— EXERCISE AIM —
Ignoring every picture, return the lines of the listing below word for word, from the line that holds "Lancia Ypsilon New" through the line that holds "S010 - Golden Ribbed Sweater XL Scrunchie".

— INPUT DATA —

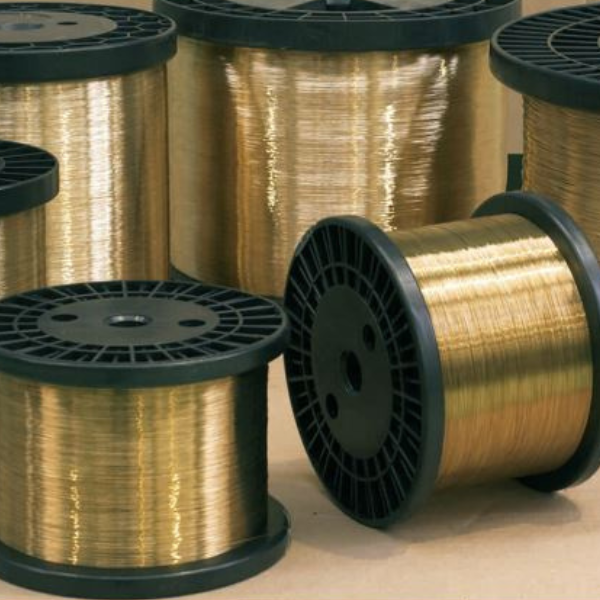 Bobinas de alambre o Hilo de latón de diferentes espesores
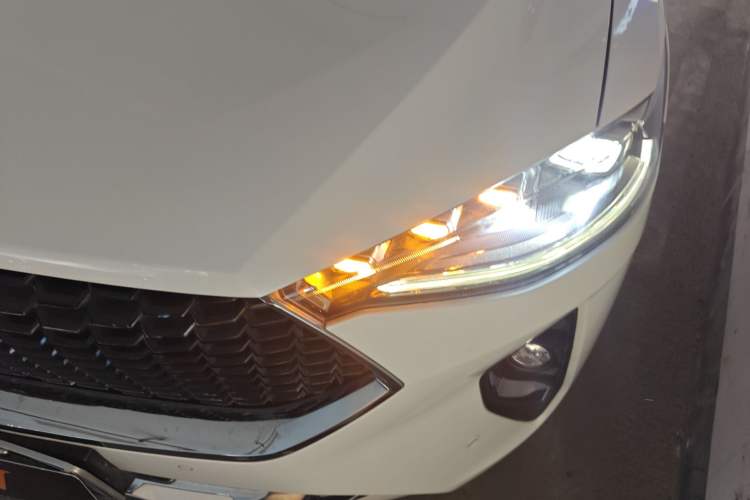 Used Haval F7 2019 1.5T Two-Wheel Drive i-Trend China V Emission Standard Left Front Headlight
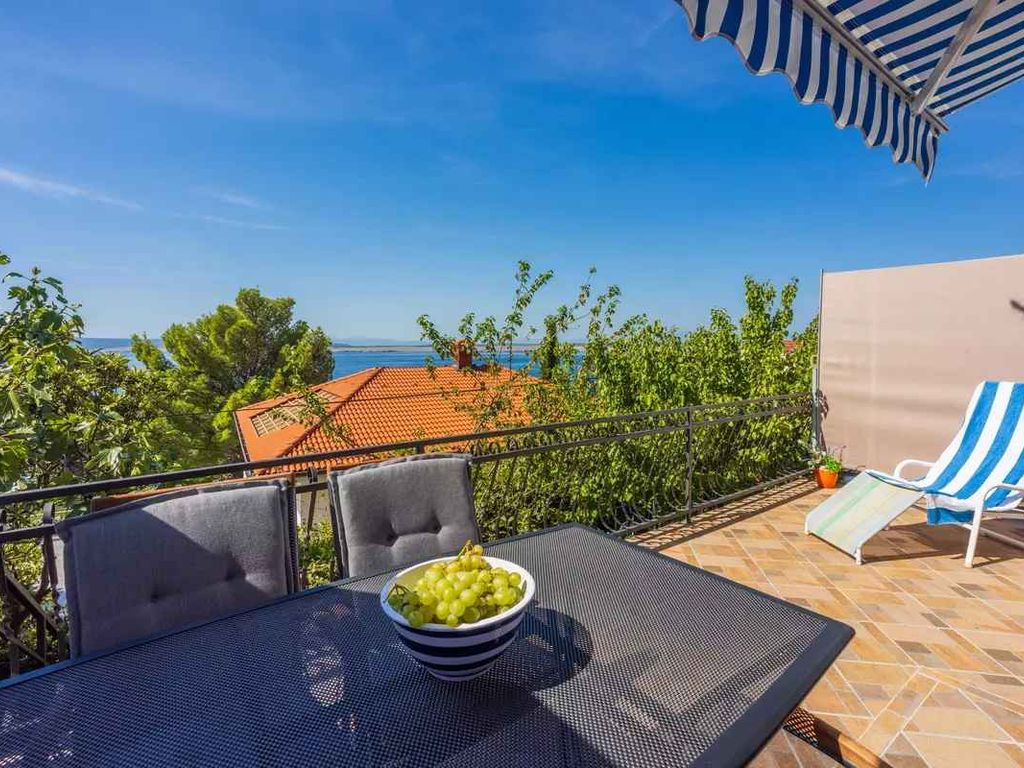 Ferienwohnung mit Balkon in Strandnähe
* * *
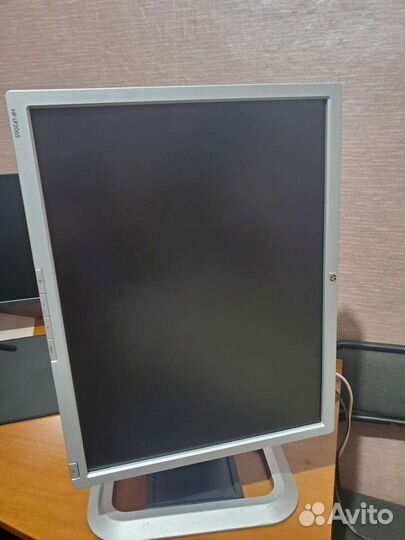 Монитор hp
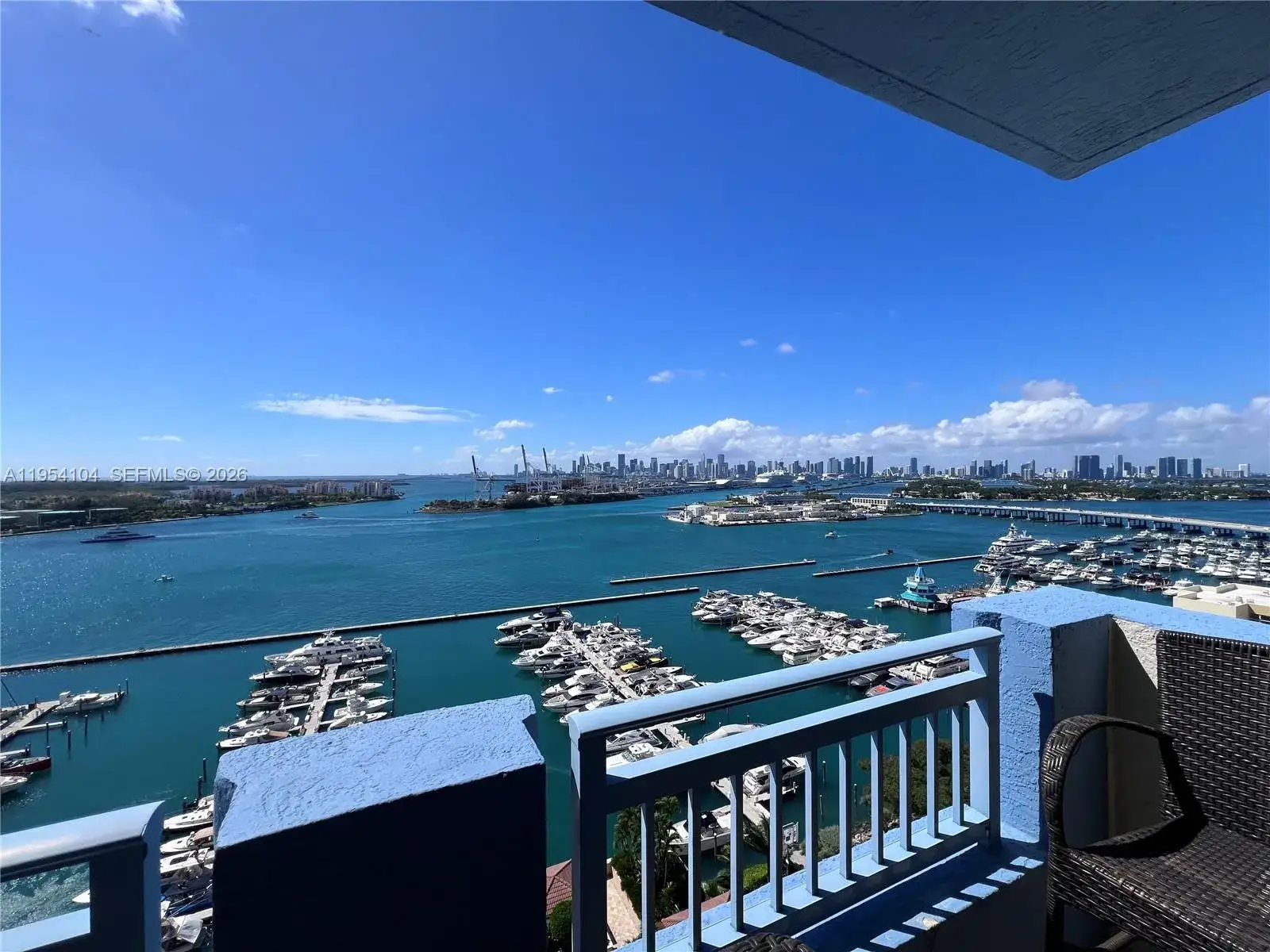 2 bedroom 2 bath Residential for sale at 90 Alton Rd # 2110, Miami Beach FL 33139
* * *
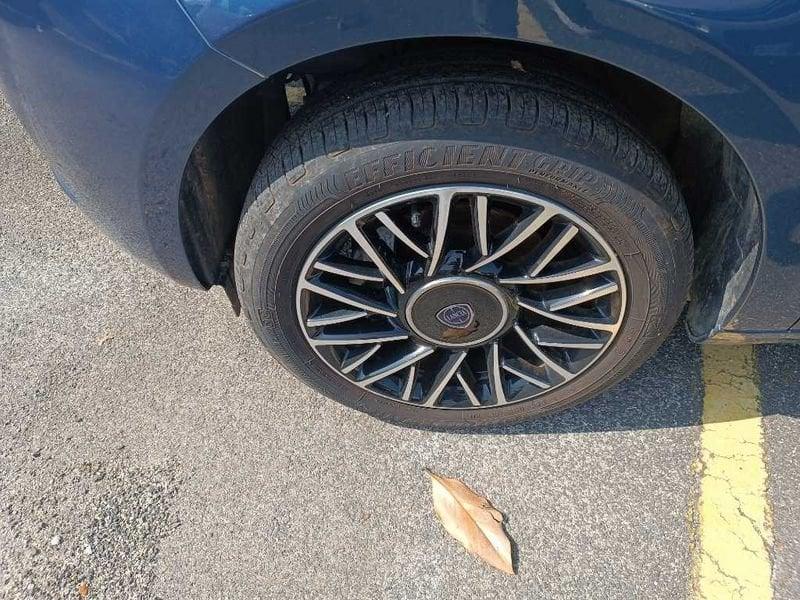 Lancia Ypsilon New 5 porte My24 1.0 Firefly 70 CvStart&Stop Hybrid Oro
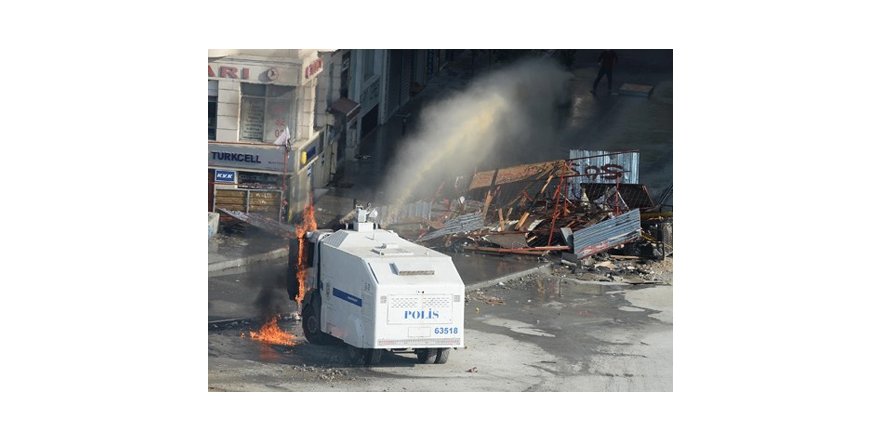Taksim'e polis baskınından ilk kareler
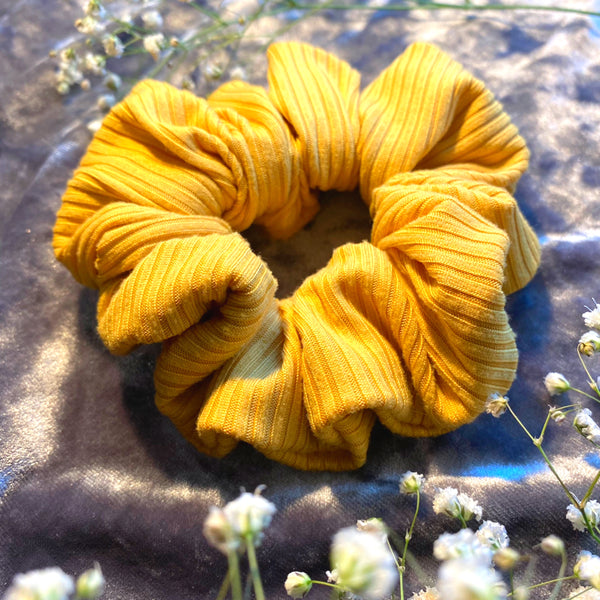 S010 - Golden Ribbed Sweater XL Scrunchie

— TASK SOLUTION —
 Lancia Ypsilon New 5 porte My24 1.0 Firefly 70 CvStart&Stop Hybrid Oro
Taksim'e polis baskınından ilk kareler
 S010 - Golden Ribbed Sweater XL Scrunchie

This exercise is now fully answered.